Of the short stories published in Here Are Ladies, “A Glass of Beer,” “The Horses,” and “The Blind Man” link most closely with the works of Stephens included in Etched in Moonlight. The emotions which were barely kept in control in the first book are now on a rampage; avarice, envy, despair, shame, jealousy, malice, guilt, anger consume the characters. Husband and wife clash or endure a grinding poverty with no release short of death.

[There] are no happy endings in these stories. The mood ranges from irritability to desperation. Stephens' whimsy is gone; his humor is sardonic; there is no light touch to relieve the tension. The characters find no comfort in their settings. A husband seeks a different life and finds only death; a woman and her children cannot escape the horror of starvation; a man cannot avoid meeting a reminder of his past; another is forced by his obsessive thoughts to relive the past; in several works the indifference, the inhumanity of man toward his fellowman brings down the helpless victim. In the streets, in offices, in homes, in the countryside, there is no escape.

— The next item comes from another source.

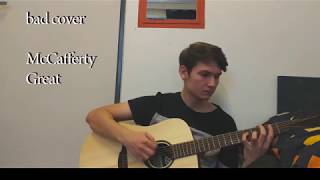 McCafferty - Great (Cover)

The stories in Etched in Moonlight provide evidence of Stephens' efforts to polish his short fiction: these are precisely cut, well-mounted gems. … The characters in Stephens' short stories are often anonymous; it is their deeds, their internal conflicts, or the events crushing them which the reader remembers. When this method works, in “Hunger” for example, where the anonymity is a counterpoint to a tale of immense human suffering, it produces a memorable short story. Too often, however, the story cannot survive such impersonal treatment and is quickly forgotten.

Stephens' works reveal a personality like that of Ireland: brooding, highly comic, and bold. His novels and poems show us the gaiety and the loneliness of the Irish people: their estrangement from the land which was once theirs and their desire to return to an earlier, pastoral period; their animosities and suspicions; their flights of fantasy; and their love of words. His works are filled with the sunshine and thunder, lush vegetation and dirty slums, green trees and bloody combats of Ireland.

Although he had an ability to marry the opposites, including those of time and space, in one area he set up no contrasts. His best writing concentrates solely on Ireland. Insurrections and The Charwoman's Daughter provide affectionate or grimly accurate pictures of Dublin; The Crock of Gold and The Demi-Gods expand the setting to include the Irish countryside; Deirdre, Irish Fairy Tales, Reincarnations, and In the Land of Youth expand the time frame to include vivid, bold recreations of Ireland's past. Whatever the subject, it is an Irishman who is telling the story.

Stephens' love is for every creature and he displays this affection time and time again. All of his heroines are motivated by love in its manifold forms—maternal, charitable, sexual, marital. The secret of his successful works is that in them he embodies love; the later, more arid works only talk about it. In his last poems he no longer seeks Love the Magician; he is himself magician, dealing in mystical symbols, esoteric rites, mysterious rituals. Poetry is no longer a manifestation of love; it comes from the poet's Will. The vitality one senses in the clash of emotions in Insurrections, The Demi-Gods, and Deirdre has vanished; whatever energy is left comes from idiosyncratic punctuation and capitalization.

In his best works he balances groups of two, three, or four characters in order to illustrate certain themes: the Contraries, sexual jealousy, and the divided self. These matters are also encompassed by the theme of love because fulfillment can only come through union.

His works are all variations on this theme. Love is the motivation for patriotic essays and adaptations of Gaelic legends; it is the subject of stories concerning husbands and wives, parents and children, man and nature's creations. What shines through the prescriptions for a better world, the psychological analyses, the tales of the fantastic, the romantic, the grotesque, and the realistic is his first, his final, his over-arching theme—love. Stephens' works are his variations on this theme, his valentines to the world.